What you have to do: The printed result should hold only the lines from the opening of the data through the line bearing "我终于找到石家庄医院人满为患的原因了。早上去省二院看病，那人，真多。我仔细想", exactly as given and without pictures.

[Dataset entries]
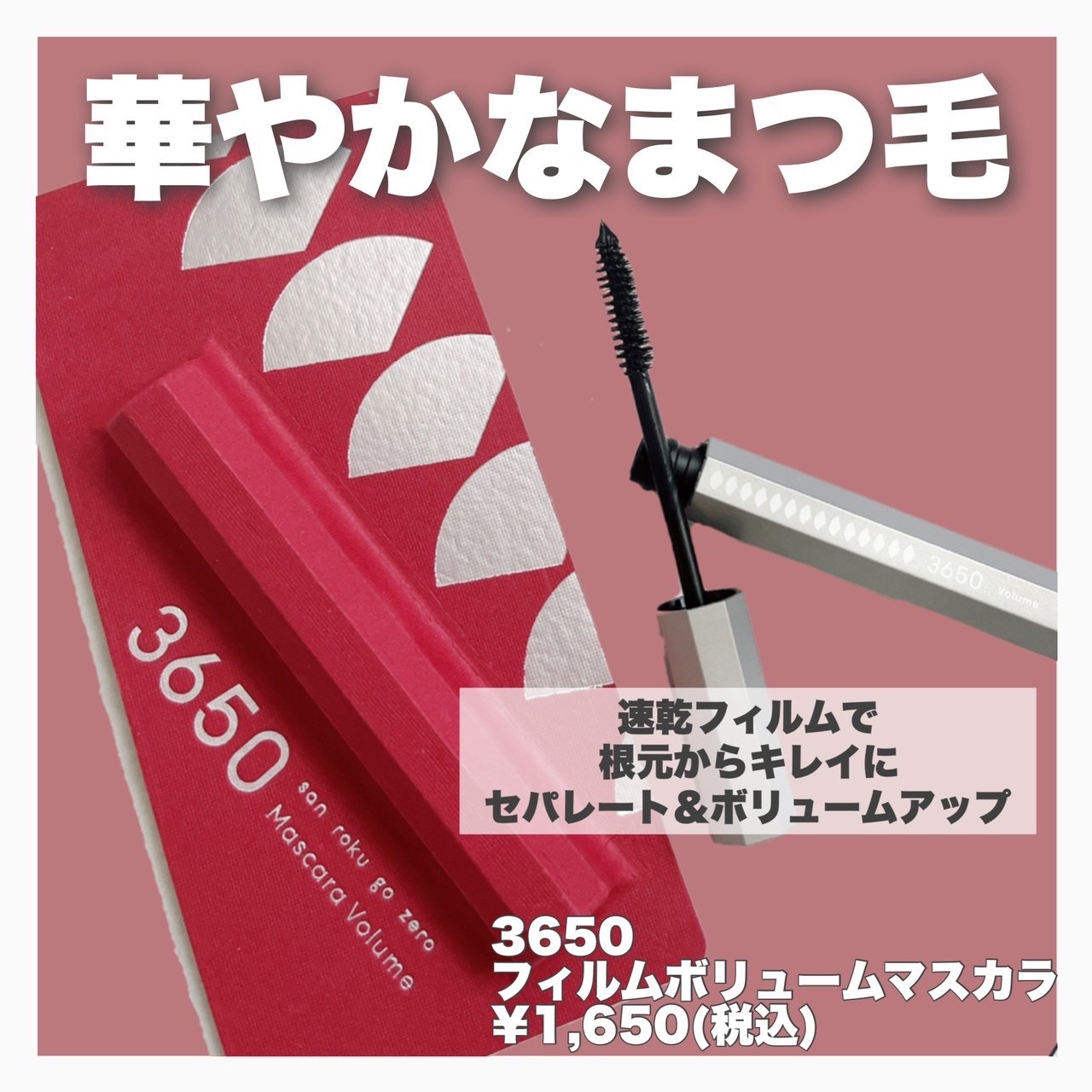 マスカラ ボリューム/3650/マスカラを使ったクチコミ（2枚目）
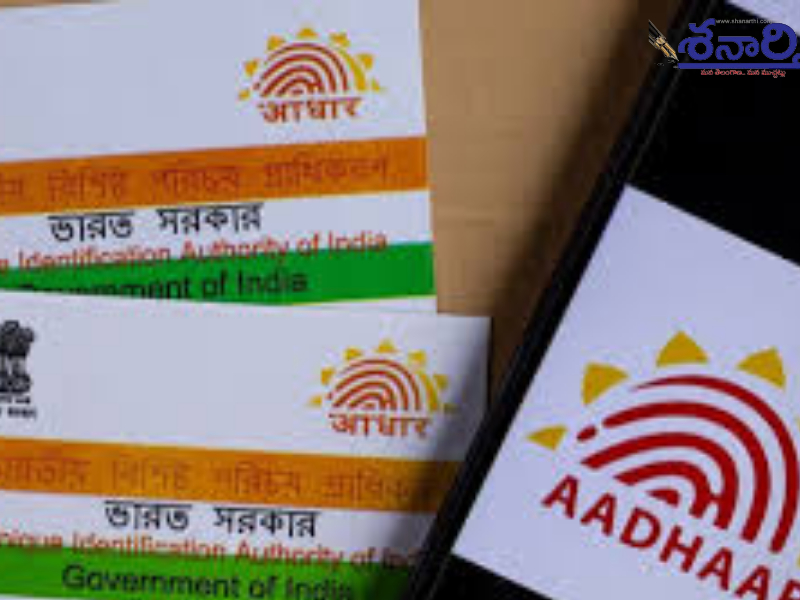 Aadhaar
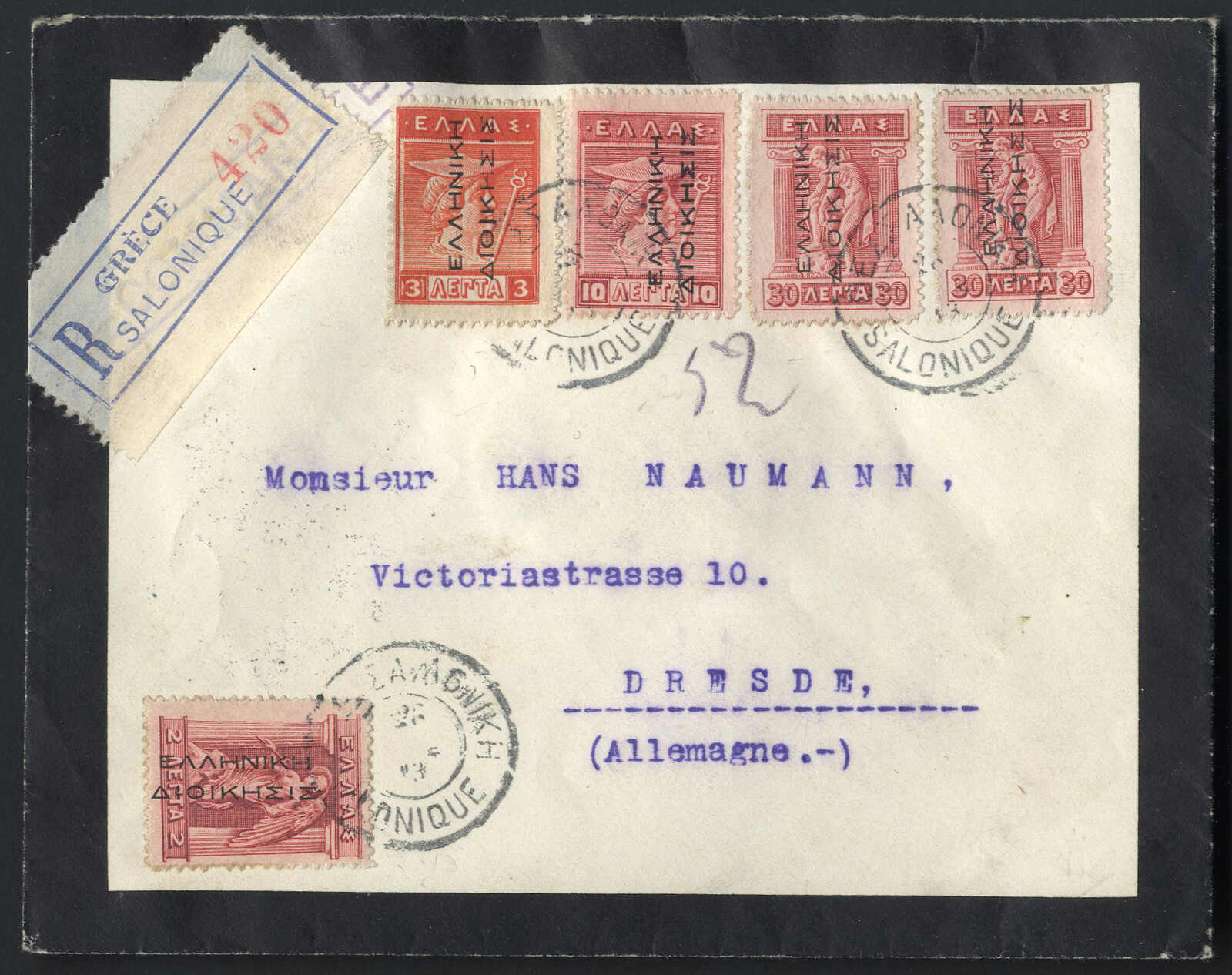 Lot 2860 - europe Greece Occupation Zone Turkey - Viennafil Auktionen 97th Public Auction Golden Heritage: Austrian Rarities & European Treasures Auction Lot 2860 - europe Greece Occupation Zone Turkey - Viennafil Auktionen 97th Public Auction Golden Heritage: Austrian Rarities & European Treasures Auction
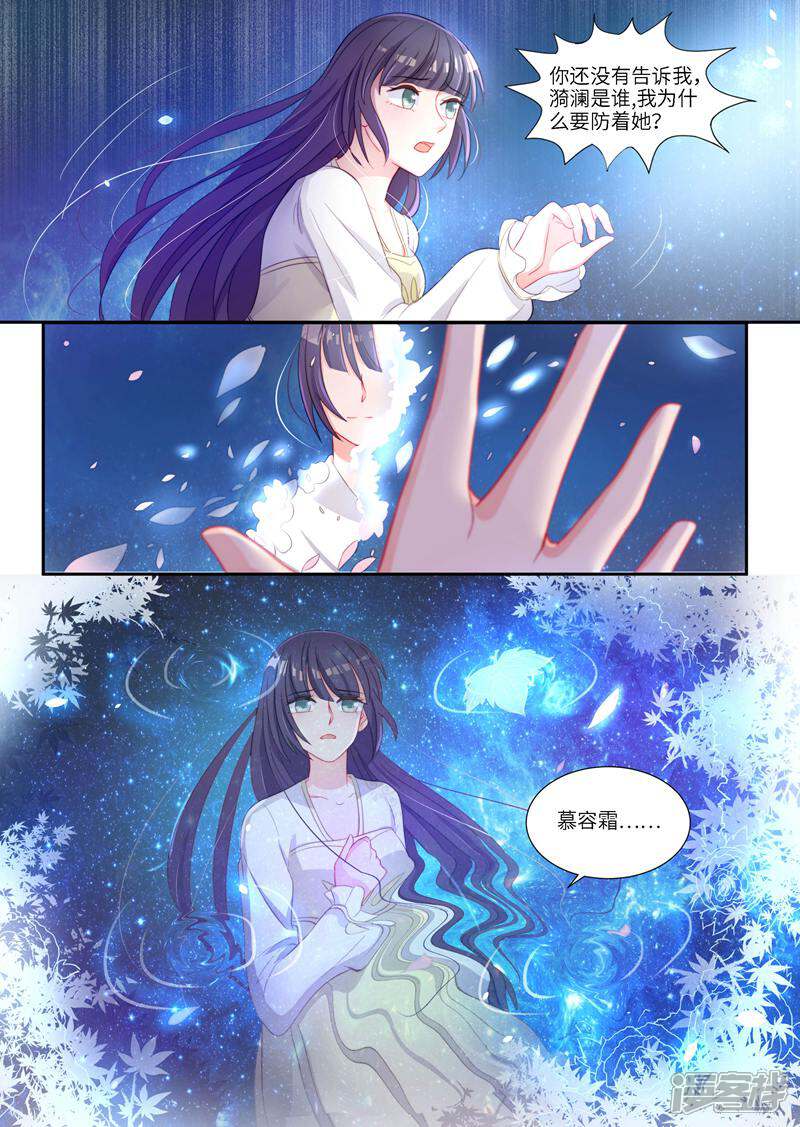 《邪君的神医小妾》第6话 第16页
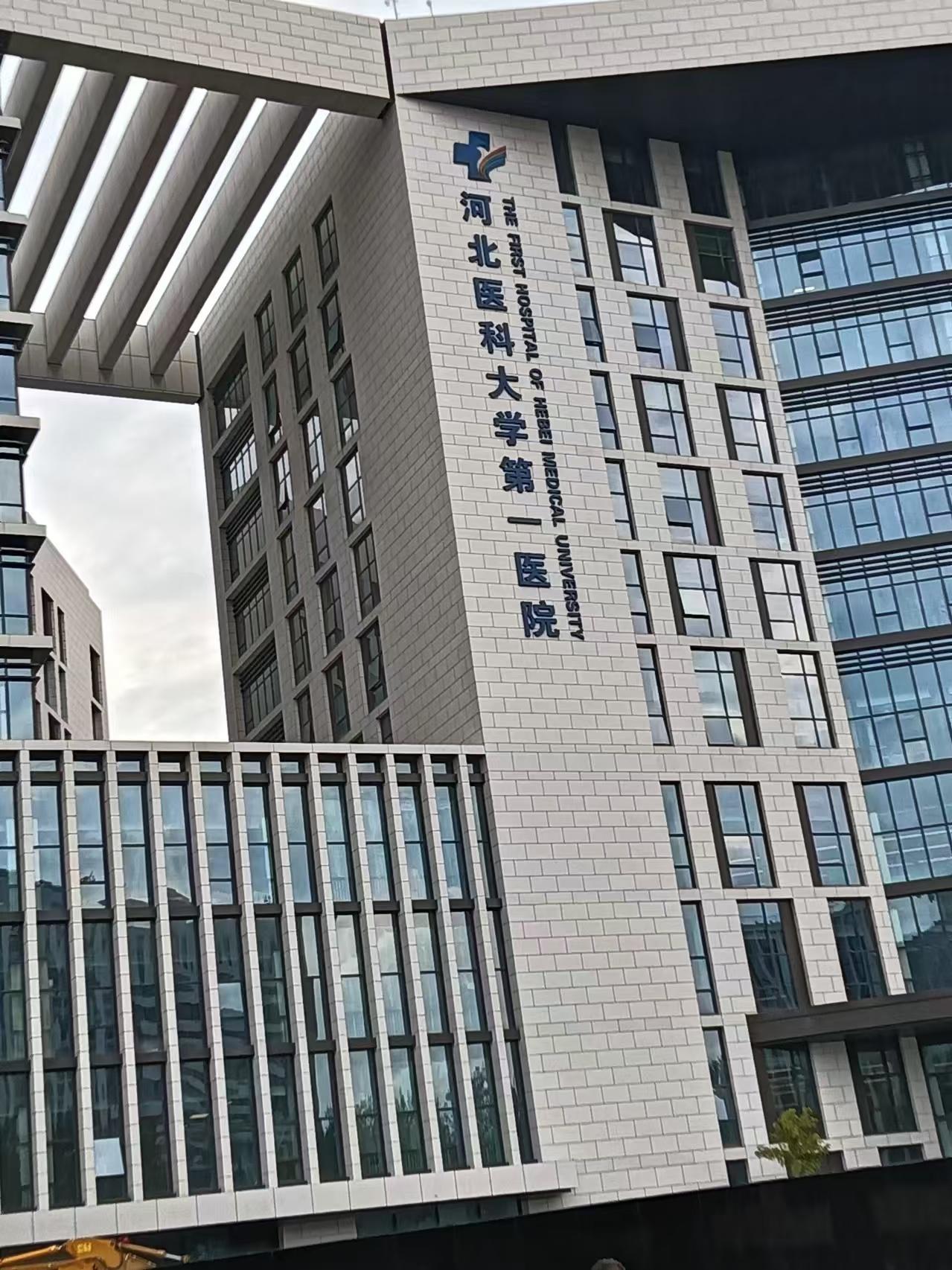 我终于找到石家庄医院人满为患的原因了。早上去省二院看病，那人，真多。我仔细想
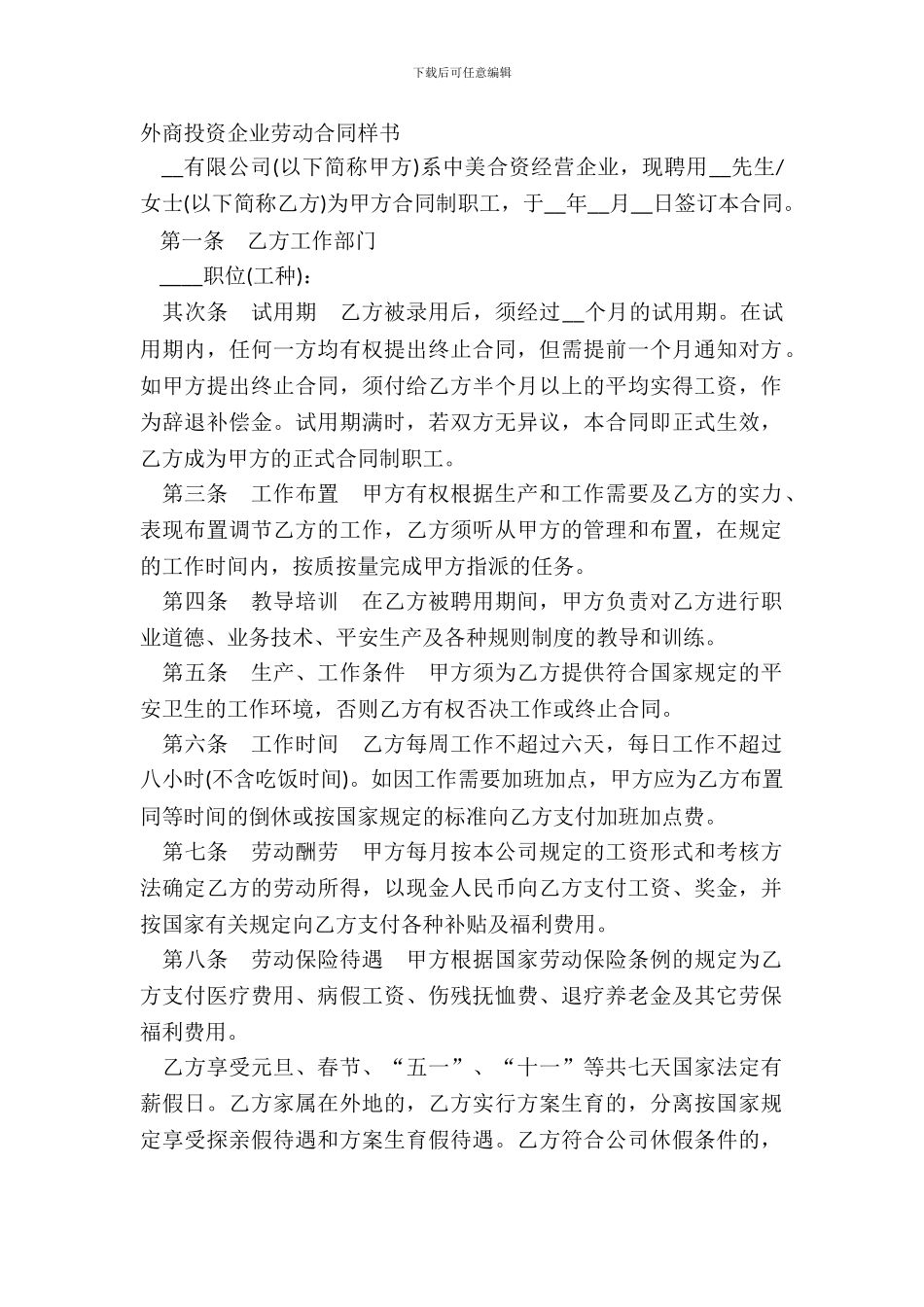 外商投资企业劳动合同样书_第2页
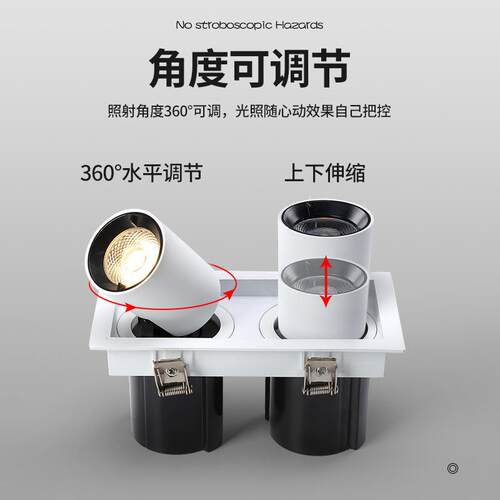 商用拉伸式led射灯嵌入式服装店铺可调角度COB象鼻灯20W30W聚光灯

Solution for this exercise:
 マスカラ ボリューム/3650/マスカラを使ったクチコミ（2枚目）
 Aadhaar
 Lot 2860 - europe Greece Occupation Zone Turkey - Viennafil Auktionen 97th Public Auction Golden Heritage: Austrian Rarities & European Treasures Auction Lot 2860 - europe Greece Occupation Zone Turkey - Viennafil Auktionen 97th Public Auction Golden Heritage: Austrian Rarities & European Treasures Auction
 《邪君的神医小妾》第6话 第16页
 我终于找到石家庄医院人满为患的原因了。早上去省二院看病，那人，真多。我仔细想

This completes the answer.